While the compass gait model from Gan et al. [19] is non-dimensional, here we assume a reasonable but purely illustrative leg length and body mass of 0.526 m and 10 kg for calculating the mechanical state of the SMA wire cross section. The leg length of the 10 kg robot was selected based on the avian leg length to body mass correlation from the work of Daley & Birn-Jeffery [46] as shown in figure 5a. The used leg length is 50% above that of a child with equivalent body mass. For the selected dimensions, the SMA component can achieve actuation frequencies beyond the robot stride frequency with the proper combination of parameters as shown in figure 5b.

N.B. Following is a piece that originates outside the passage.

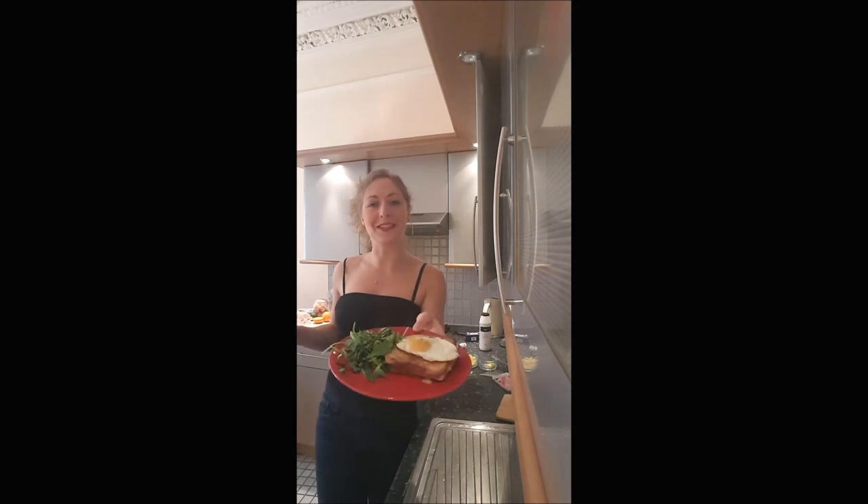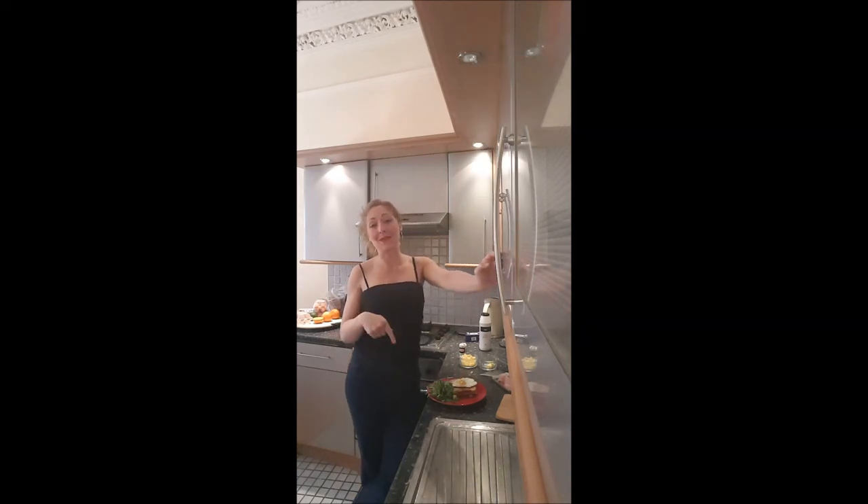And this is it, you've got a croque madame. It's very melty in there, it's so good you will love it. I'll see you later for a new video on Bouche à Bouche, and if you enjoyed that one, just subscribe to my YouTube channel or leave me a comment. Bye bye!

The maximum actuation frequency is inversely proportional to the body mass times a coefficient A as derived in appendix A. As the body mass of the robot increases, the maximum actuation frequency decreases for the same coefficient A, corresponding to a constant set of parameters (e.g. heat transfer, spring design, operation and others). Parameters such as the spring index C, typically between 4 and 25, can significantly impact the maximum actuation frequency as shown by the grey line in figure 5b. The developed frequency–mass relation, equation (A7), and the Daley and Birn-Jeffery correlation can be combined to determine the maximum actuation frequency for the selected robot parameters as a function of mass as shown by the magenta line in figure 5b. Overall, SMA components can function for bipedal locomotion for the explored frequency, body mass and leg length domains.

Figure 5.

Scalability of the SMA-based robot in regards to dimensions, mass, and frequency. (a) Relation between leg length and body mass for: birds [46], 1.1–4.7-year-old humans [47], and 5–21-year-old humans [48]. Robot leg length is selected to satisfy the correlation from Daley and Birn-Jeffery, l_o = 0.2M^0.4. Fredriks et al. did not provide information regarding the body mass of the studied population. Still the metric is estimated based on body mass index data for ages 5–19 provided by the World Health Organization. (b) Maximum actuation frequency of SMA spring relative to robot body mass for bipedal locomotion. The relation between both metrics is derived in appendix A.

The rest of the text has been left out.